Provided data =
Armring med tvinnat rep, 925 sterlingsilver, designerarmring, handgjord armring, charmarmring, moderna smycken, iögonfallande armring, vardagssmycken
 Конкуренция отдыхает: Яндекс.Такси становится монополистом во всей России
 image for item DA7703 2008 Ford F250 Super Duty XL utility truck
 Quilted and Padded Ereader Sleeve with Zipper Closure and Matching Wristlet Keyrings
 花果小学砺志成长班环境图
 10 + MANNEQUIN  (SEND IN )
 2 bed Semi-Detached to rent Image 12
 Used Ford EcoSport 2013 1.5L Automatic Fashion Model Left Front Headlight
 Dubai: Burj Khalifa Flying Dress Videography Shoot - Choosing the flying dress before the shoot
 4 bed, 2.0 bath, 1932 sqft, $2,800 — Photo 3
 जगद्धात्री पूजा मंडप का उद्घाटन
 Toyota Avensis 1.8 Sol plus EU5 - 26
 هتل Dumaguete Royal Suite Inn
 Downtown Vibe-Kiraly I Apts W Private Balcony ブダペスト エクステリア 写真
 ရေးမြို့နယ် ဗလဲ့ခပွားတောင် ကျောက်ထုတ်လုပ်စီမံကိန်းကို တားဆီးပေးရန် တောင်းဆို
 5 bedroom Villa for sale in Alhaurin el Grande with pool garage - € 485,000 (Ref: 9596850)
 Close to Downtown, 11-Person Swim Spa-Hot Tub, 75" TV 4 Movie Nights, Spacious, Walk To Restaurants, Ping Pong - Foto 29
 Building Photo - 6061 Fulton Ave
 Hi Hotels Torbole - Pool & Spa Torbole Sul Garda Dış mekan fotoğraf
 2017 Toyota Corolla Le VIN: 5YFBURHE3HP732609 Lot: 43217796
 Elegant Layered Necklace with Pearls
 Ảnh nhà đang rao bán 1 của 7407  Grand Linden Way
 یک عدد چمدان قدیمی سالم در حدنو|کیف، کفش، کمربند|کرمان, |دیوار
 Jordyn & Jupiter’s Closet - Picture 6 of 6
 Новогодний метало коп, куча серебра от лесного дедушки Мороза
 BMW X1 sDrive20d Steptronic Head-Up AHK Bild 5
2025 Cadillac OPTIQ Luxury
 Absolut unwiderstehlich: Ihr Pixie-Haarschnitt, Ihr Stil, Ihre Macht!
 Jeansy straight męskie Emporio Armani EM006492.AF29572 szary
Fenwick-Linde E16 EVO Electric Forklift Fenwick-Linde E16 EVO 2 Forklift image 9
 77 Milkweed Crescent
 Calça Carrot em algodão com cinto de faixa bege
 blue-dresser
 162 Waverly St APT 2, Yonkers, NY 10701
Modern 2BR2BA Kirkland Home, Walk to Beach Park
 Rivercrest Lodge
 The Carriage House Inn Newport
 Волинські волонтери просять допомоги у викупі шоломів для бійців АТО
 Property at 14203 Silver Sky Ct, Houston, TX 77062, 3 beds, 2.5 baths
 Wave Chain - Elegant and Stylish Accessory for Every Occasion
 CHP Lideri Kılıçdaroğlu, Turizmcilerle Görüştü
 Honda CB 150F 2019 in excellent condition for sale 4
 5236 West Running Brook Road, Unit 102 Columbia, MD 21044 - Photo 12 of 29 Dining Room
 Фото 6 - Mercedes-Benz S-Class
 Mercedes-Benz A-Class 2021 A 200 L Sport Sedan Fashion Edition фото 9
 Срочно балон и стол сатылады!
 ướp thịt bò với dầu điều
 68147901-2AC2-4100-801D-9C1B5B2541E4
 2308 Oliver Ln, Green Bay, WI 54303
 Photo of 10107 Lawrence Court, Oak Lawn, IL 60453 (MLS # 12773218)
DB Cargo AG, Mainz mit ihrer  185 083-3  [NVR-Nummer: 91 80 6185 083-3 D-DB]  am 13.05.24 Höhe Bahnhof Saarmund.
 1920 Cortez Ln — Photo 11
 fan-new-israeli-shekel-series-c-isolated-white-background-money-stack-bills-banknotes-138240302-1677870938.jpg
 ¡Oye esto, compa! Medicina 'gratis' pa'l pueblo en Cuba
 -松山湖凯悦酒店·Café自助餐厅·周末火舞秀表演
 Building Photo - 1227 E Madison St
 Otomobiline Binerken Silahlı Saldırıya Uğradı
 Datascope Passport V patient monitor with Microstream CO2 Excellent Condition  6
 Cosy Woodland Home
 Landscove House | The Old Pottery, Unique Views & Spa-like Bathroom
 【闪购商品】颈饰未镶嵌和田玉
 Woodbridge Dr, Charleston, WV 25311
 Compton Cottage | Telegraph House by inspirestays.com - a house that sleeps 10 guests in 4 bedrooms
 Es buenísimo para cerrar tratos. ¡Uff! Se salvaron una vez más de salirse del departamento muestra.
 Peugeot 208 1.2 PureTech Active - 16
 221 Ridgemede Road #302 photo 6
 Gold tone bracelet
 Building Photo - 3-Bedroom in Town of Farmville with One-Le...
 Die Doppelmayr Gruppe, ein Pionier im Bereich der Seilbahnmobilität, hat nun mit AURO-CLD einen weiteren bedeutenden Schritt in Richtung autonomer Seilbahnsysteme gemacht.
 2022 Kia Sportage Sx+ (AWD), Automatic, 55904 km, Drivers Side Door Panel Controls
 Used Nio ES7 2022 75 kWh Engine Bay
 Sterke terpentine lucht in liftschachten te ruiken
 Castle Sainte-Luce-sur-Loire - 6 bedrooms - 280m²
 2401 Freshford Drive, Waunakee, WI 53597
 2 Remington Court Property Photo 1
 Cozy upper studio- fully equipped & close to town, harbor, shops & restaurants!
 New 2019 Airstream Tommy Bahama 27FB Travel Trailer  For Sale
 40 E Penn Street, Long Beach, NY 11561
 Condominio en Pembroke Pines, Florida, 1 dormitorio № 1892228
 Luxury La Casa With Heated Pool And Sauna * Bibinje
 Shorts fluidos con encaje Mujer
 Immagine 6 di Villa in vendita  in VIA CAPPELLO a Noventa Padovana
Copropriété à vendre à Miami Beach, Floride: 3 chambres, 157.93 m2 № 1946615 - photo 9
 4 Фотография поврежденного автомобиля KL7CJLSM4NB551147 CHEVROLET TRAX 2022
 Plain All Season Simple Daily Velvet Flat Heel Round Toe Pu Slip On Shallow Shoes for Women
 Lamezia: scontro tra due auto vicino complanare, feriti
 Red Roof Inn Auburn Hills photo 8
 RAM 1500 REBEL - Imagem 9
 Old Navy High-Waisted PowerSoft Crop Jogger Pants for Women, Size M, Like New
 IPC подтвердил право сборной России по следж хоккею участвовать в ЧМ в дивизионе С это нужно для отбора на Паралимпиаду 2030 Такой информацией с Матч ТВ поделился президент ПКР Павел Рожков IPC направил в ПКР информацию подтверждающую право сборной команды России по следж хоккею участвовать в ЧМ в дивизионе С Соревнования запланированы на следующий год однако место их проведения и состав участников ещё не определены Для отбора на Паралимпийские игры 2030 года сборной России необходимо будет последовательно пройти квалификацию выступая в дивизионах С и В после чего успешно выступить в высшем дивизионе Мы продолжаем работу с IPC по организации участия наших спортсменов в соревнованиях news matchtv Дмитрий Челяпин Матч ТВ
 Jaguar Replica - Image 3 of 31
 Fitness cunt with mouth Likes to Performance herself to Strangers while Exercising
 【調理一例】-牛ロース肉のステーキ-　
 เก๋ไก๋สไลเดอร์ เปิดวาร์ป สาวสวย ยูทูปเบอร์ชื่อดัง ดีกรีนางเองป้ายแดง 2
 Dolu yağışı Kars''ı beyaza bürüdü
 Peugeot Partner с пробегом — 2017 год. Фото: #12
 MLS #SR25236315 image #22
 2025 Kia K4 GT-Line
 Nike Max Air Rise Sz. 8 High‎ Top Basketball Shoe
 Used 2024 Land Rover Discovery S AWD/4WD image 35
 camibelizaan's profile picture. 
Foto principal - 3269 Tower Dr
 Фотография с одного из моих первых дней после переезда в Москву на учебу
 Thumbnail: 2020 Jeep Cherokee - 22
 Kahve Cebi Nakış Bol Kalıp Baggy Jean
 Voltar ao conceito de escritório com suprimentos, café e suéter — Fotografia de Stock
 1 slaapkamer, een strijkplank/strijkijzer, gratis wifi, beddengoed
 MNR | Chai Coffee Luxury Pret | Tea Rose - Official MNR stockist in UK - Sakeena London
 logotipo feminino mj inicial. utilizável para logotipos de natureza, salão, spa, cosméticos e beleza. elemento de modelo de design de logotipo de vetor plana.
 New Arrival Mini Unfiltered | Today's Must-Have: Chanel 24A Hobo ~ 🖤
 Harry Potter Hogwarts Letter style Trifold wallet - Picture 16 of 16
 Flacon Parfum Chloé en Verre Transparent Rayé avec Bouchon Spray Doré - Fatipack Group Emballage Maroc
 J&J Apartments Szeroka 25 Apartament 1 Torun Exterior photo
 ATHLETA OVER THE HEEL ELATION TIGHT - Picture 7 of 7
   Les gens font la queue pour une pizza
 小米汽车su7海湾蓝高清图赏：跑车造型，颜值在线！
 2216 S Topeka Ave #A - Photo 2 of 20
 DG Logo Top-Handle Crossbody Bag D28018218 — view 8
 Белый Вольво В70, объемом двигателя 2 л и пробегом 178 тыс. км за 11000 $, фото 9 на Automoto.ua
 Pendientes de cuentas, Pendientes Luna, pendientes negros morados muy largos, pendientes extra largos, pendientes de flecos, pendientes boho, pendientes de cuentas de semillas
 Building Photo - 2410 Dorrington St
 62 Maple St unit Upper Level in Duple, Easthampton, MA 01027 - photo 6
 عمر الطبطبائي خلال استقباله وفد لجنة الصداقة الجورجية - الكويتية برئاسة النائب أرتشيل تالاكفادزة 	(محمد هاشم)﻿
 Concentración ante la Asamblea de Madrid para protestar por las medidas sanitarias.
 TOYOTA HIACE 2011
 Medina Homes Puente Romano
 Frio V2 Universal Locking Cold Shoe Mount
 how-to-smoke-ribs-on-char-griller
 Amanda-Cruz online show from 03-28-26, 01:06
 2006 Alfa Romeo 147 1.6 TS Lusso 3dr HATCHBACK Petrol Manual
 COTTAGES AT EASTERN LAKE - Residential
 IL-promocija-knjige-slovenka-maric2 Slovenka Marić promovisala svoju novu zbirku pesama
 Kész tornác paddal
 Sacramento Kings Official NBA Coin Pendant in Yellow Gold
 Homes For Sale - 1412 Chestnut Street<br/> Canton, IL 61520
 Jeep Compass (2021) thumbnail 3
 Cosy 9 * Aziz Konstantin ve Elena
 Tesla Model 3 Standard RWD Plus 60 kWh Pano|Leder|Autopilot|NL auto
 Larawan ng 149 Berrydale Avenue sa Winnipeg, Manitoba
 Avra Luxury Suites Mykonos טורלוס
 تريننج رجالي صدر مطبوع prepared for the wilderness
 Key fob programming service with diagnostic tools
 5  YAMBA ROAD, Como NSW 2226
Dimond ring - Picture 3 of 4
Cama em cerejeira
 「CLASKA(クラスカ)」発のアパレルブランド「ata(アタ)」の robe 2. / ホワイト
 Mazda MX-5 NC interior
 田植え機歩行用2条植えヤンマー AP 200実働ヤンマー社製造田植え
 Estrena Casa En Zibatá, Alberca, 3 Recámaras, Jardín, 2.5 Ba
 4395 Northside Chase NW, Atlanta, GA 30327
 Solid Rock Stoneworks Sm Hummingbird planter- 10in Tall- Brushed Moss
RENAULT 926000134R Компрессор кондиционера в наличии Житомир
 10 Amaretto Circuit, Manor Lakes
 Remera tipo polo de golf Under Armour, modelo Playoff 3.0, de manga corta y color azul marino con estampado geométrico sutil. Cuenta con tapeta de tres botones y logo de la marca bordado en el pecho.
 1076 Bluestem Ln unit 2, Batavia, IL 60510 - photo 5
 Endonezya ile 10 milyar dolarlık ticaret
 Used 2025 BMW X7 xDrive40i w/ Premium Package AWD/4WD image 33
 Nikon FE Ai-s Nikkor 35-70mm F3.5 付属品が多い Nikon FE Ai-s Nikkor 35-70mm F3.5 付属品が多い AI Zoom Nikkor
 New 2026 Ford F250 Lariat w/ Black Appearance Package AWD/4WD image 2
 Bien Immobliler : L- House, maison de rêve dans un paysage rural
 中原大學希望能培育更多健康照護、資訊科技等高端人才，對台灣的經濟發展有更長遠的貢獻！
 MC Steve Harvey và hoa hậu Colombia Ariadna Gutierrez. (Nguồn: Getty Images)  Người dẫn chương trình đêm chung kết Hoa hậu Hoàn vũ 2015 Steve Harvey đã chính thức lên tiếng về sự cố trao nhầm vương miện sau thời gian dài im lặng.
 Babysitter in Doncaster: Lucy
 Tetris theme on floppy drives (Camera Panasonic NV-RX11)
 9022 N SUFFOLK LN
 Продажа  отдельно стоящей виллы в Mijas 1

About this exercise = Find the line containing "Nikon FE Ai-s Nikkor 35-70mm F3.5 付属品が多い Nikon", then output it and every line after it to the end of the data, exactly.

Reply to the exercise =
 Nikon FE Ai-s Nikkor 35-70mm F3.5 付属品が多い Nikon FE Ai-s Nikkor 35-70mm F3.5 付属品が多い AI Zoom Nikkor
 New 2026 Ford F250 Lariat w/ Black Appearance Package AWD/4WD image 2
 Bien Immobliler : L- House, maison de rêve dans un paysage rural
 中原大學希望能培育更多健康照護、資訊科技等高端人才，對台灣的經濟發展有更長遠的貢獻！
 MC Steve Harvey và hoa hậu Colombia Ariadna Gutierrez. (Nguồn: Getty Images)  Người dẫn chương trình đêm chung kết Hoa hậu Hoàn vũ 2015 Steve Harvey đã chính thức lên tiếng về sự cố trao nhầm vương miện sau thời gian dài im lặng.
 Babysitter in Doncaster: Lucy
 Tetris theme on floppy drives (Camera Panasonic NV-RX11)
 9022 N SUFFOLK LN
 Продажа  отдельно стоящей виллы в Mijas 1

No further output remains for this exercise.